3. It’s an app, not a human stylist. It bases the outfit suggestions on the information you input, for example whether you’d wear an item on holiday and what season it works for. This means some of the suggestions are quite random. For example…
On the left, it’s suggested a cardigan over a cashmere jumper dress. A tad too much knitwear methinks! In the centre we have a delightful leopard print/baby blue/patent black brogues mash up. Not a classic colour combination, nor one I will be trying. And on the right, it’s suggested a long roll-neck tunic with a short skirt and pointy courts. I’m pretty sure the tunic would entirely drown the skirt, and the addition of the courts is just too much for a skirt this short, in my humble opinion. It’s good for a laugh, though! And the outfits are more accurate than not – I’ve got dozens of possible outfits, compared to just a handful that miss the mark.
4. For me, the bigger issue was that the combinations were a little boring. A lot of suggestions were based around my black skinny jeans. I don’t need an app to tell me what black skinnies go with – I know that for myself. It would’ve been nice to see more combinations with some of my brighter, more patterned items – ie, the things we probably all need a little more help styling.
5. Unless you use the price filters, it will suggest you invest in expensive items, and you will feel sad that you can’t afford the beautiful Valentino boots that go so well with that skirt you own. But that’s what the filters are for, of course!
6. There’s not much in the way of styling ideas for dresses. It tends to just suggest a matching clutch, or a trench coat, which I think was suggested for every single one of my dresses. If you’re more of a separates fan, you’ll be golden.

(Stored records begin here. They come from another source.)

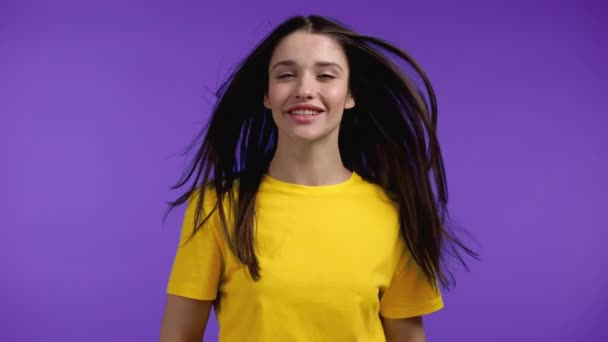 Wanita cantik menari di latar belakang studio ungu, rambut panjangnya berkibar dari aliran udara. Wanita dengan kaos kuning. Suasana hati yang positif. Gerakan lambat. — Stok Video
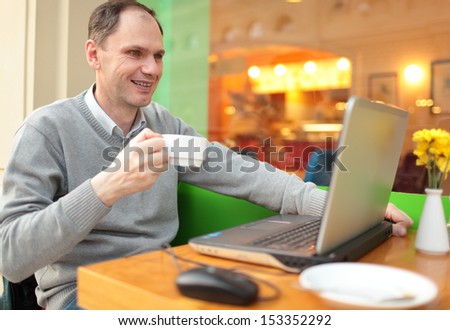 Man with laptop drinking coffee in a cafe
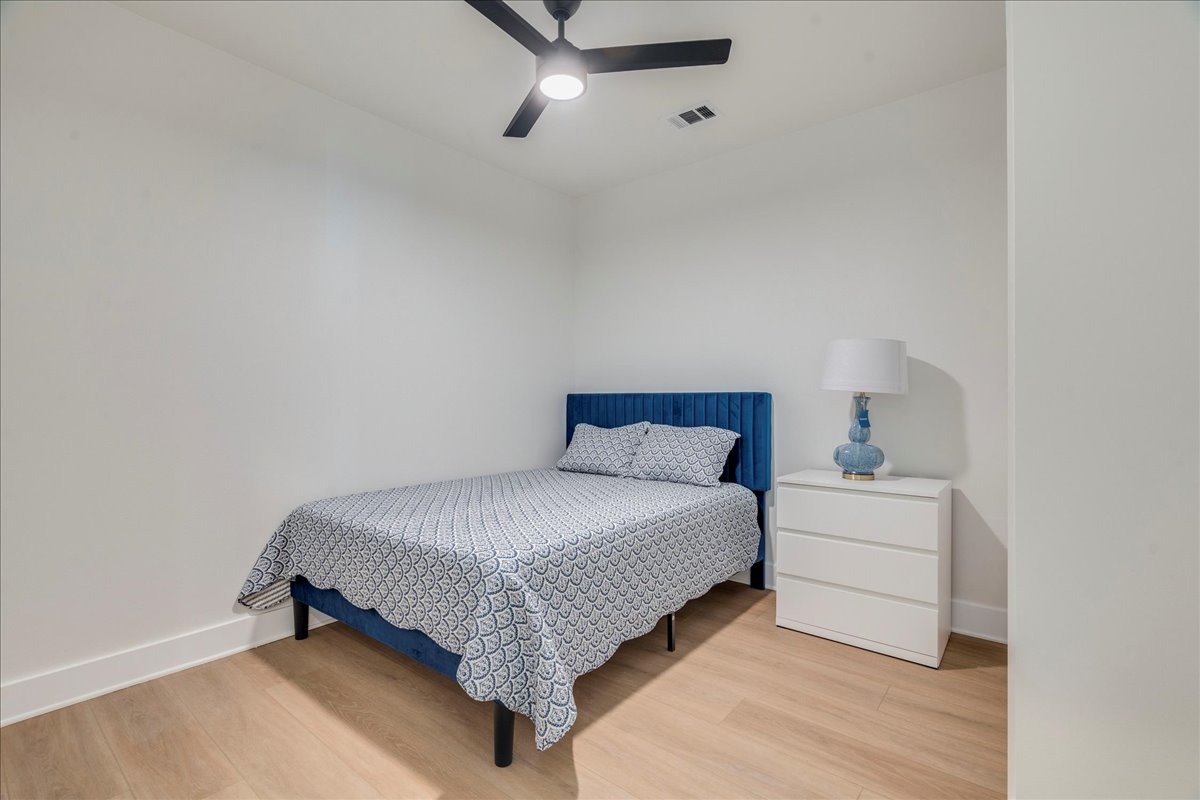 3000 Duval Street, Unit 302 Austin, TX 78705 - Photo 17 of 28 a bedroom with a bed and a dresser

7. It has trouble identifying some colours. For example, every one of my white items registered as a grey (though perhaps that’s more of an issue with my washing powder than the app!).
I’ve decided to put the app to the test over the next working week. From Monday to Friday, I’m going to dress solely in outfits suggested by the app, to see how they look in real life, and to find out whether having my own pocket-sized stylist will save me time in the morning.
I’ll photograph the outfits and post the pics next weekend, along with the pics from the app that dictated the look.